As a counselor, how do you develop a theoretical orientation? Do you just wake up one morning and—voila—you have your theoretical orientation?
Your theoretical orientation will not magically come to you in a dream or vision. In fact, developing a theoretical orientation is a process that begins when you take your first counseling theories course and continues throughout your master’s program, your field experience, and beyond. As you progress through your studies, you will likely find that you are continually developing a clearer picture of your theoretical orientation. Over the years following your master’s degree, your orientation will begin to solidify as you work and learn from observing other counselors. In truth, the process probably never ends because you will always learn about new theories, work with new clients, and develop a deeper understanding of yourself.
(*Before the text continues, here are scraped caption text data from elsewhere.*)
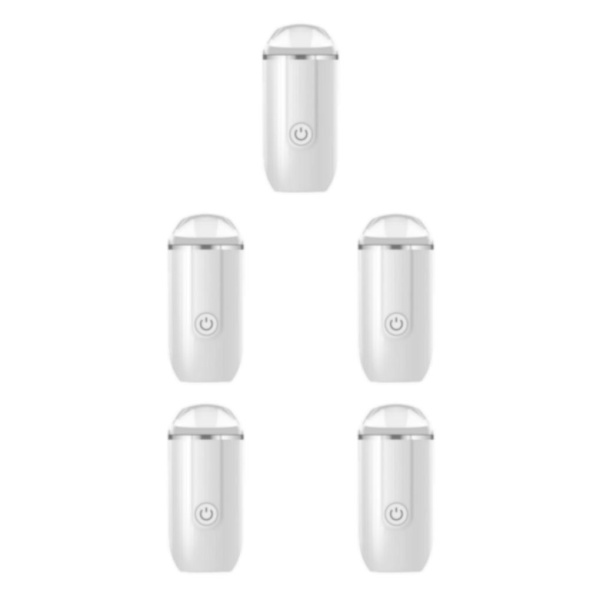 1/2/3/5 Travel Electric För Razor Washable Shaving Machine Wet Charge to use 7.1x3.2x3.2cm 5Set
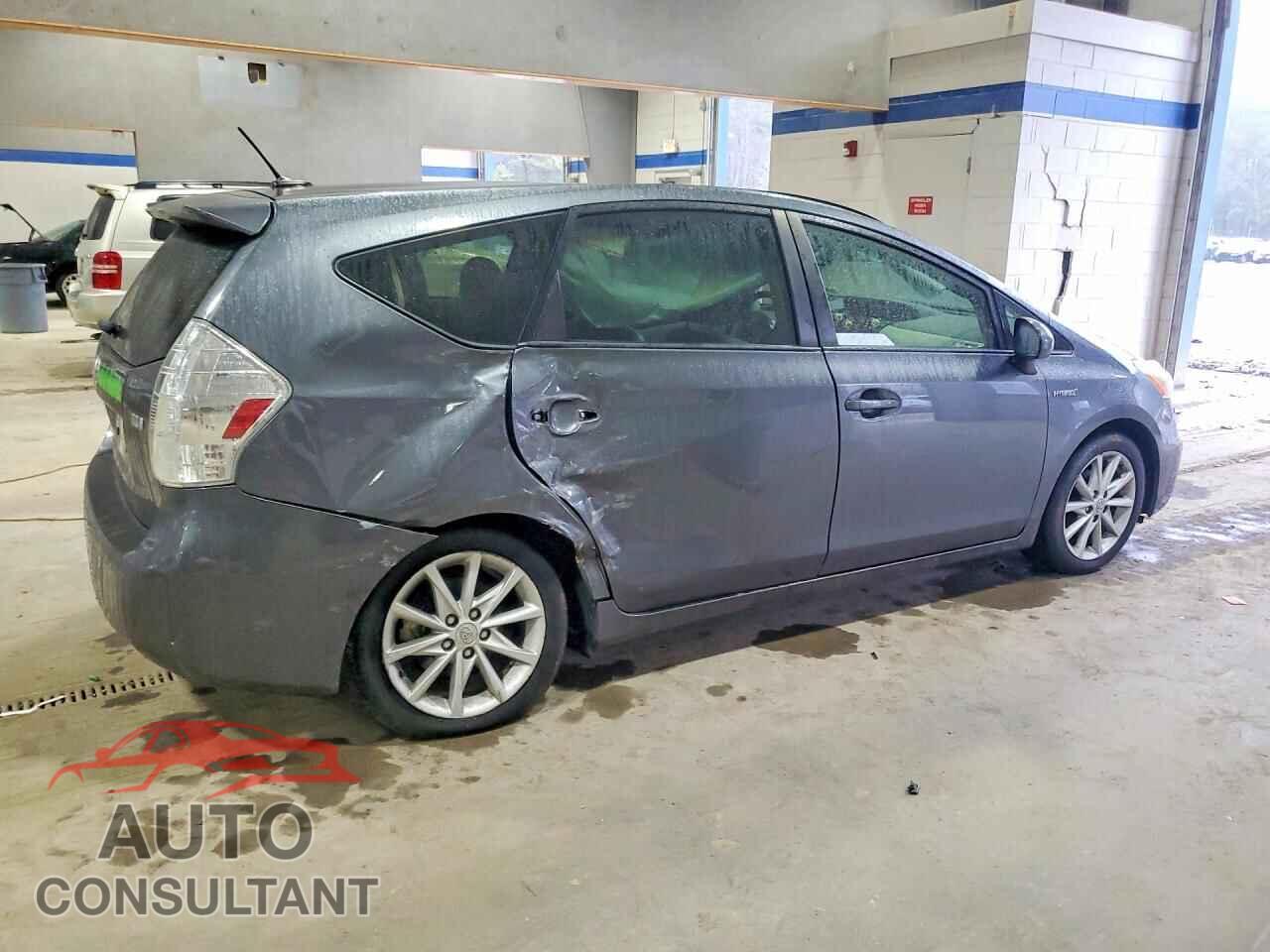 TOYOTA PRIUS 2012 - JTDZN3EU5C3145009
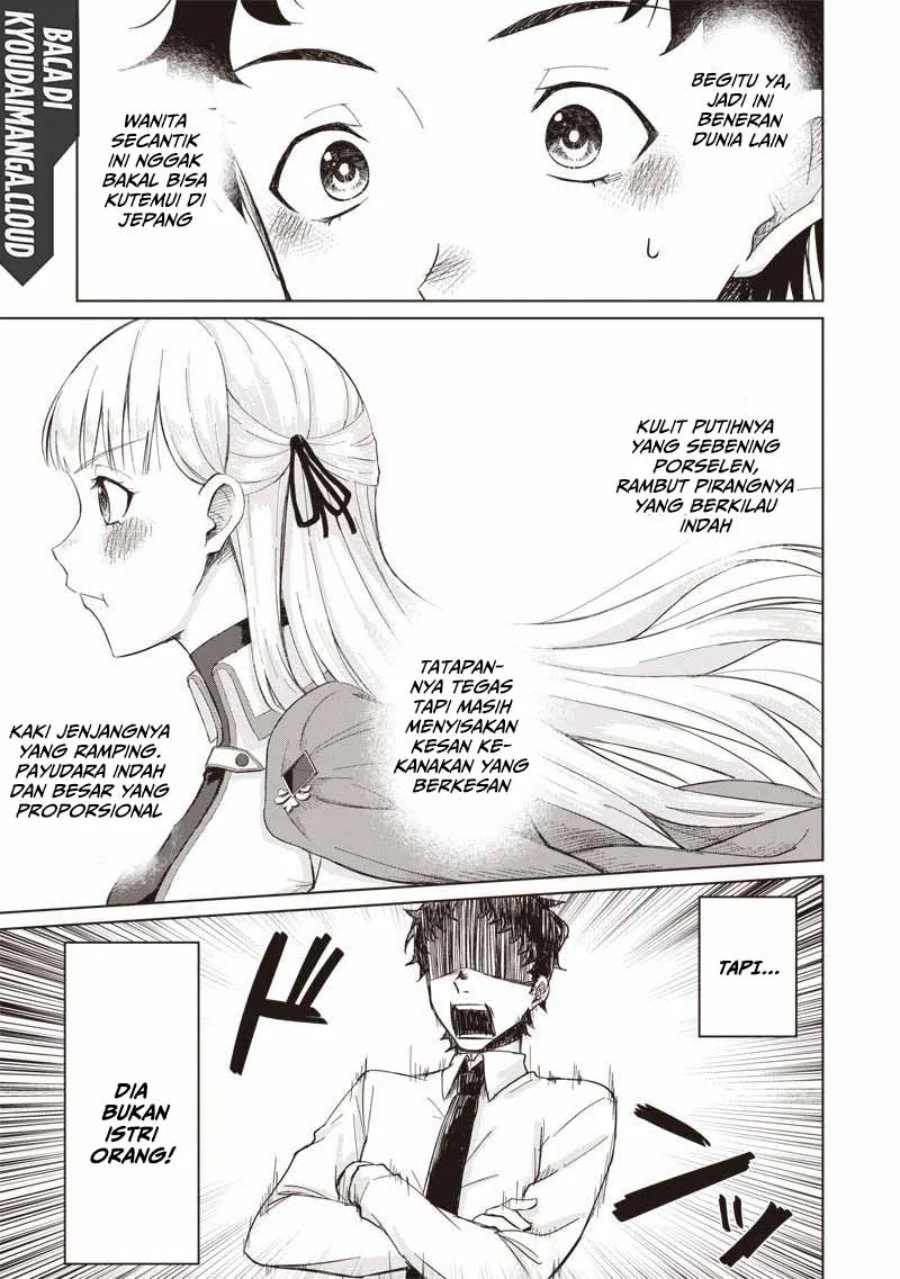 Ken to Mahou to NTR Chapter 1 Gambar 31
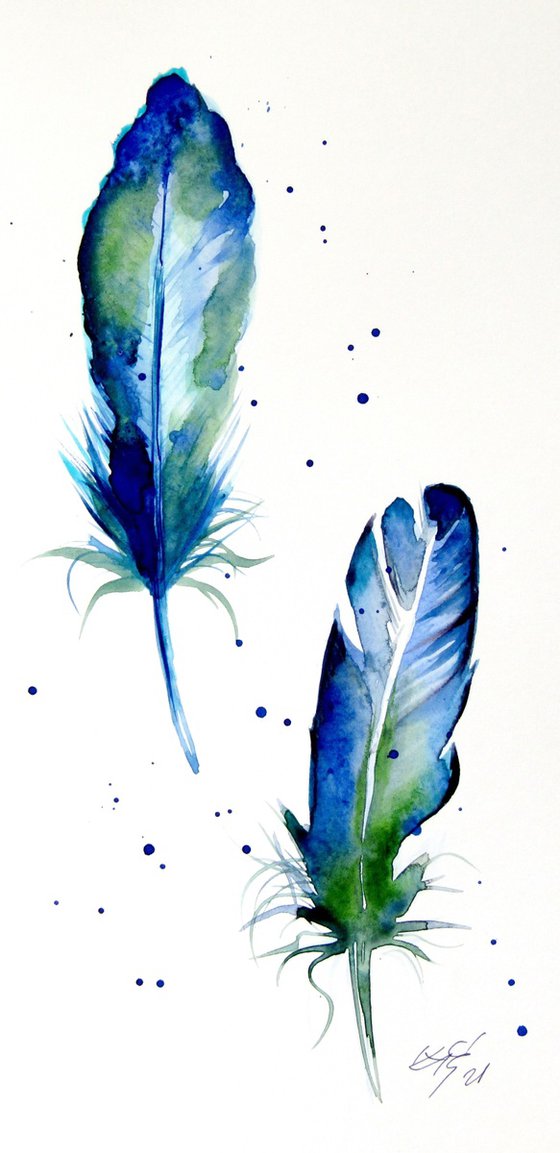 Feathers collection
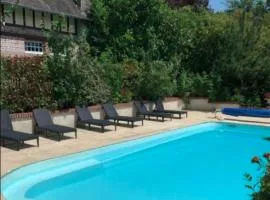 Beautiful HOUSE in Trouville / Swimming Pool 12 persons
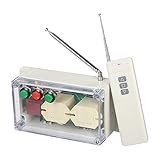 KKmoon AC 380V 30A モーター コントローラー ワイヤレスリモートコントロール 315M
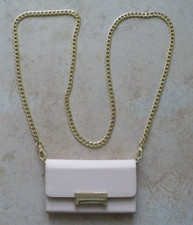 Ideal of Sweden Handyhülle, Clutch Umhängetasche, iPhone 8/7/6/6, hellrosa-gold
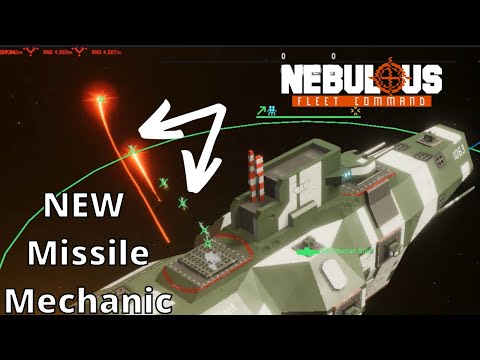 Introducing the 'Programming Channel' Mechanic | Modular Missile Update | NEBULOUS: Fleet Command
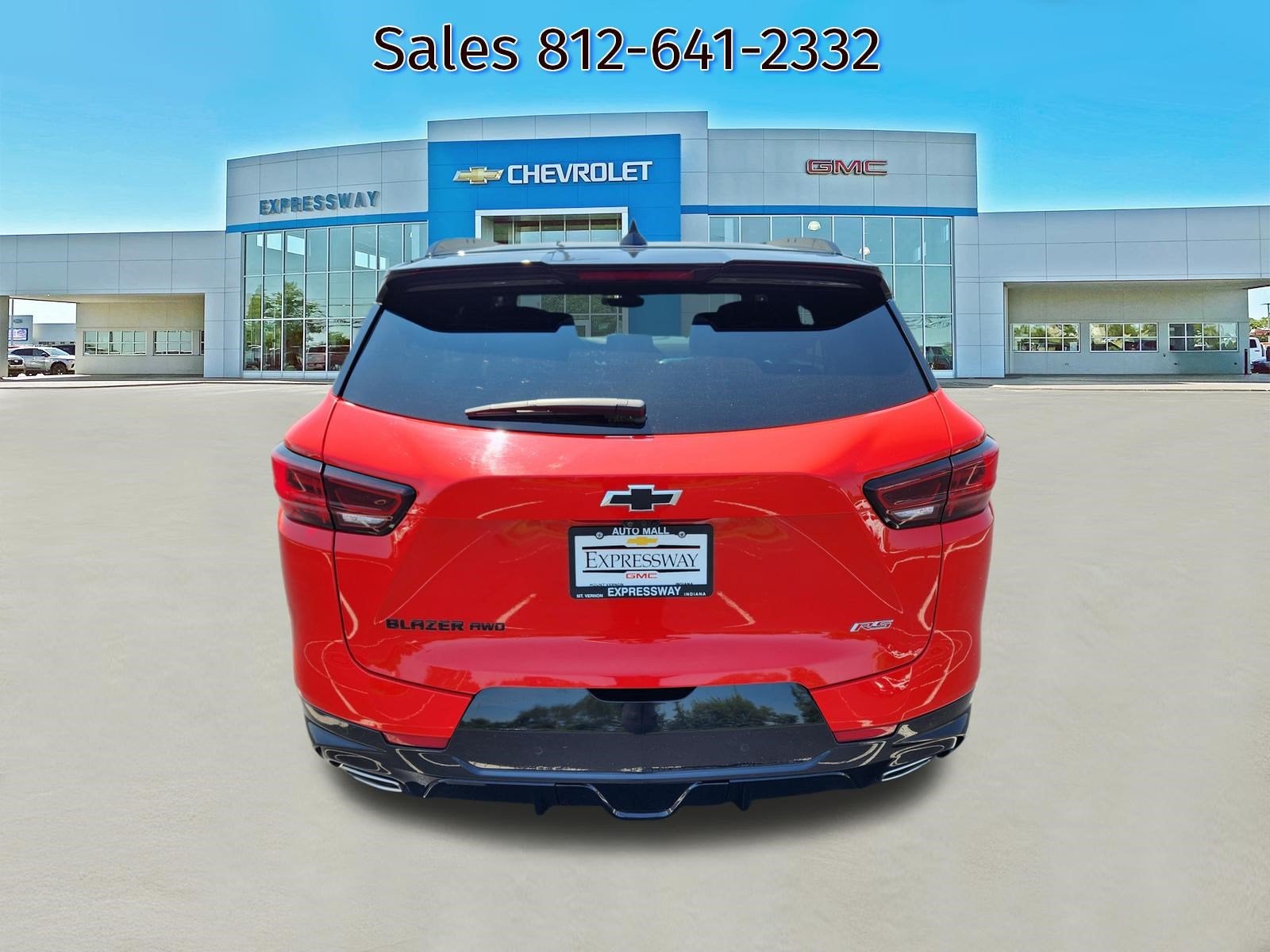 2025 Chevrolet Blazer RS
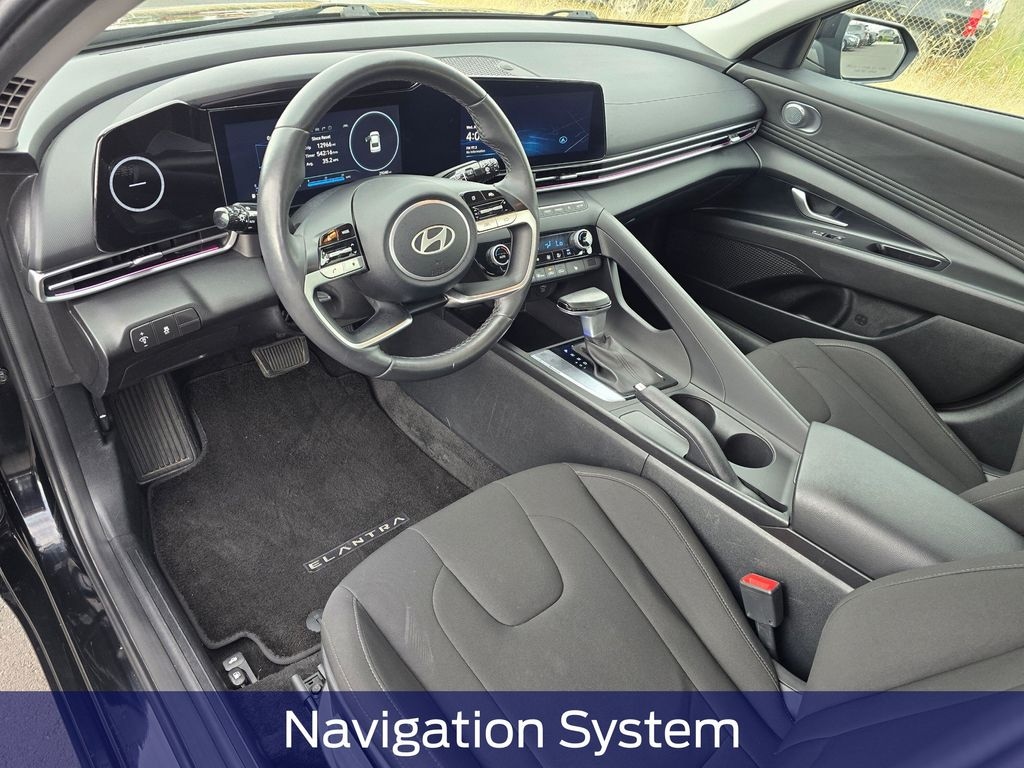 Certified 2024 Hyundai Elantra SEL Sedan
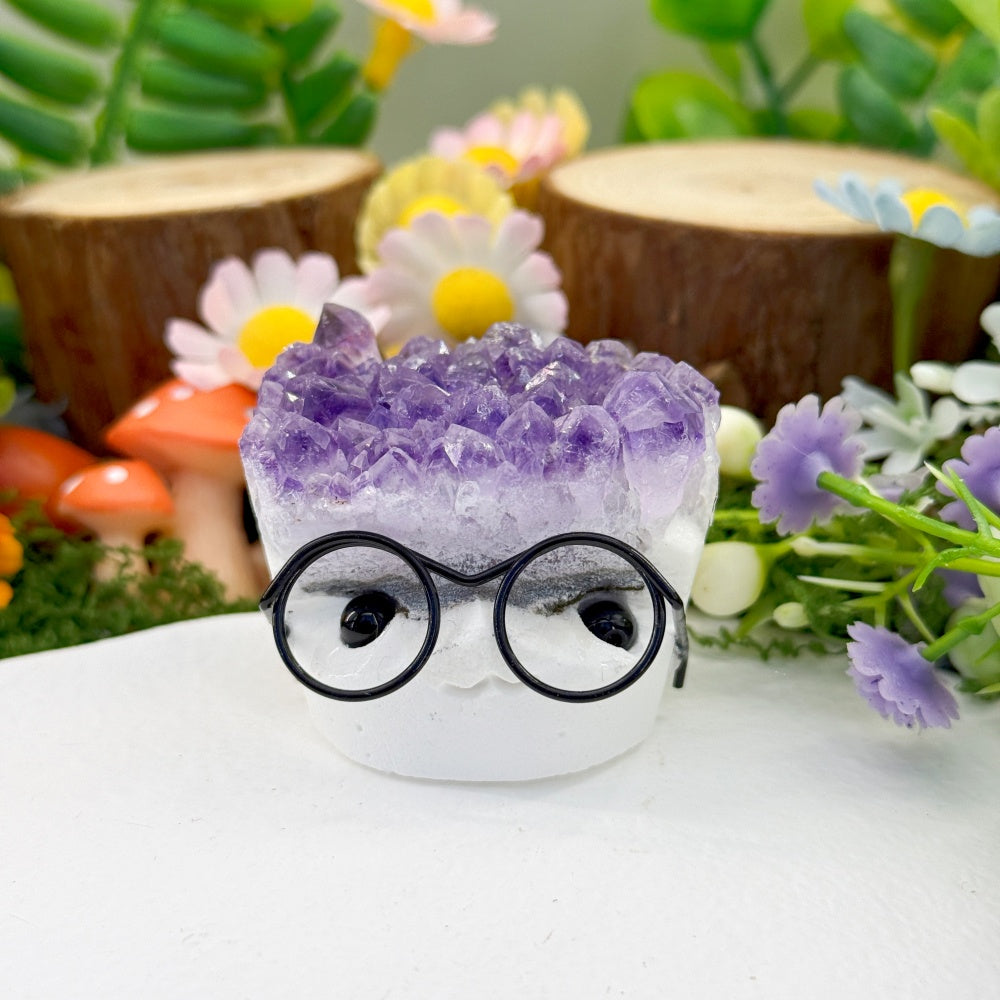 UniTama | Amethyst Cluster Mame-chan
For this Discussion, you listen to the personal stories of how two distinguished counselor educators, Dr. John Marszalek and Dr. Matthew Buckley, developed their own theoretical orientations. Read your Instructor’s post regarding his or her theoretical orientation in this week’s Discussion Board.
Then, reflect upon the various factors that can influence the development of a counselor’s theoretical orientation. What factors might be influencing your own development process?
Next, you have the opportunity to discuss how you see that two theories may integrate into an effective strategy for you as a future counselor. You may also decide that a single theory feels like it will be the best fit for your future career at this point in your training. Whether you choose to integrate two theories or remain a purist, thoughtfully and thoroughly back up your current position.